Woman Wins Nothing from Ex-Husband's Lover Print

A jury has found that a South Dakota woman did not entice a co-worker to leave a “happy and contented” marriage, rejecting an alienation of affections suit in one of the few states that still recognizes the archaic tort.

Hayley Hilton had an affair with Ernest Christiansen while he was living in Aberdeen, S.D. After he divorced Lemlem Kebede, she sued Hilton for acquiring “an improper and undue influence” over he ex-husband, leaving her home “desolate and ruined” and her family life “destroyed.”

“Like all marriages, Lemlem & Christiansen's was not perfect,” she argued in her trial brief. “However, the evidence at trial will show that the couple shared a substantial degree of affection; supported each other emotionally; and enjoyed a strong sense of companionship and adventure.”

The couple's home was in Minnesota, a state which no longer allows alienation of affections claims, but Kebede was able to sue in federal court under South Dakota law. She was seeking up to $100,000 in damages -- $50,000 in compensatory damages and the same amount in punitives.

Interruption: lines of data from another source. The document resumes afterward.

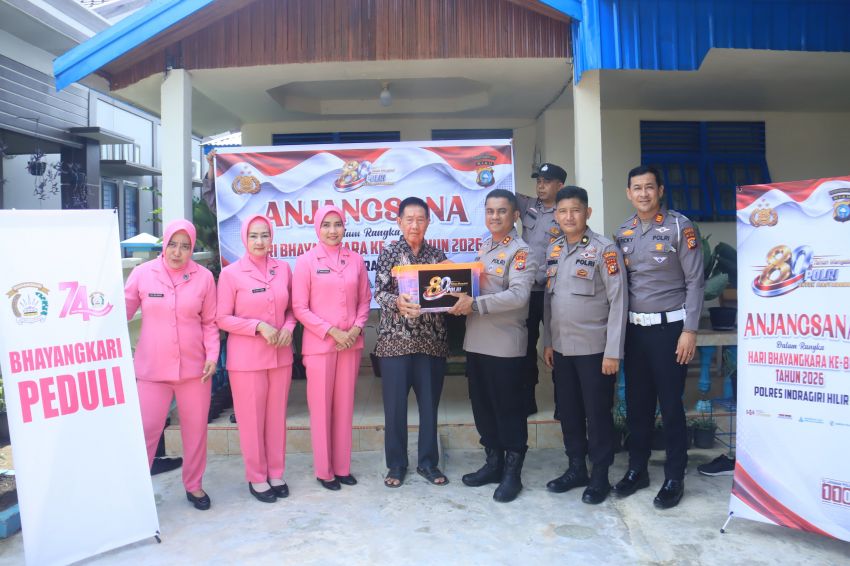 Polres Indragiri Hilir Gelar Anjangsana ke Kediaman Purnawirawan Polri dalam Rangka Hari Bhayangkara ke-80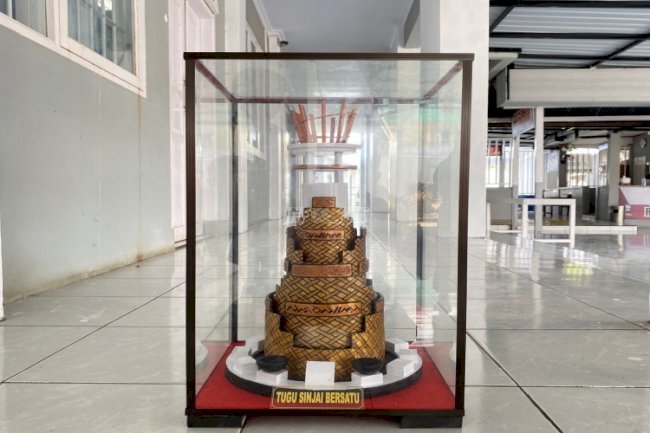 Warga Binaan Rutan Sinjai Sulap Limbah Batok Kelapa Jadi Miniatur Tugu Sinjai Bersatu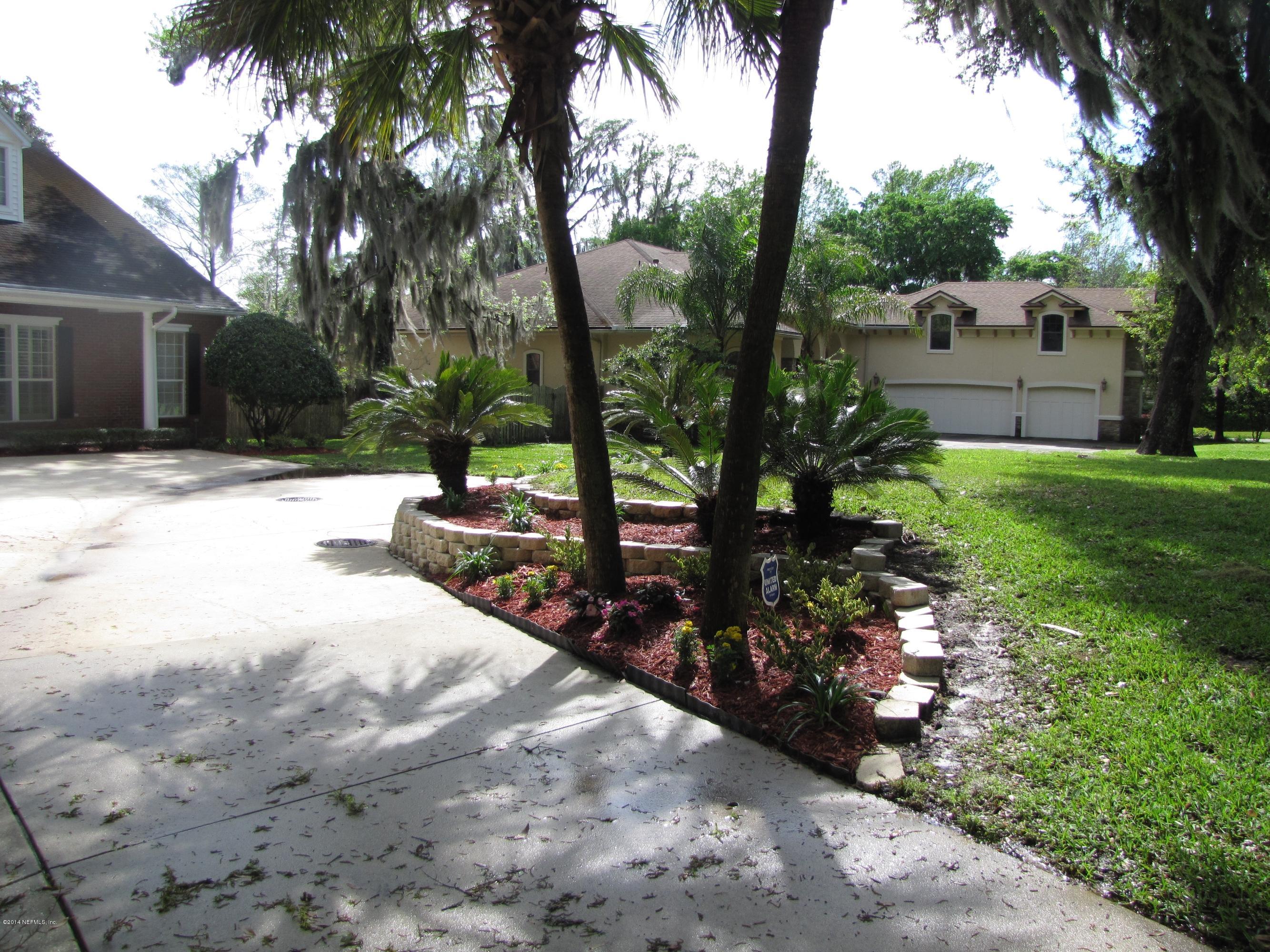 2932 Magnolia Road Orange Park, FL 32065 - Photo 9 of 109 Front Yard 2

Only South Dakota, Hawaii, Mississippi, New Mexico, North Carolina, and Utah still persist in fully recognizing the tort of alienation of affections. Earlier this year, the U.S. Supreme Court declined to review a $750,000 jury award against a Mississippi man.

But the jury in Kebede's case had the good sense to find for her ex-husband, who testified that he had long been unhappy in his marriage to her and moved to Aberdeen because of the problems they were having. “Do you have any belief that my client enticed you away from your marriage?” Hilton's attorney asked Christiansen in a deposition.

“No,” he replied.

“She didn't trick you or anything like that?” the lawyer asked.

“I don't believe so,” Christiansen said. “I was a grown adult making my decisions, whether they were good or bad.”

A Mississippi Supreme Court justice has said that far from being a “means of preserving marriages and protecting families,” alienation of affections suits "inevitably do more to hurt families ... The intimate details of the marriage, and its breakdown, are revealed for all to see as the parties attempt to assassinate the character of their adversaries.” Fitch v. Valentine, 959 So.2d 1012 (2007).

Recalling the details of his marriage, Christiansen said he “just didn't feel right to get married” and Kebede alienated him with her “demeaning” behavior. A turning point was “when she told me I needed to lose weight during intercourse. I didn't want to have intercourse anymore.”

As Hilton's attorney pointed out in his trial brief, Kebede had opted “to demean the courts and herself by pursuing this action.”

Christiansen and Hilton broke up after his divorce from Kebede. He then married another woman, but that marriage, too, ended in divorce. “I want everybody to know that I don't know what love is anymore,” he testified.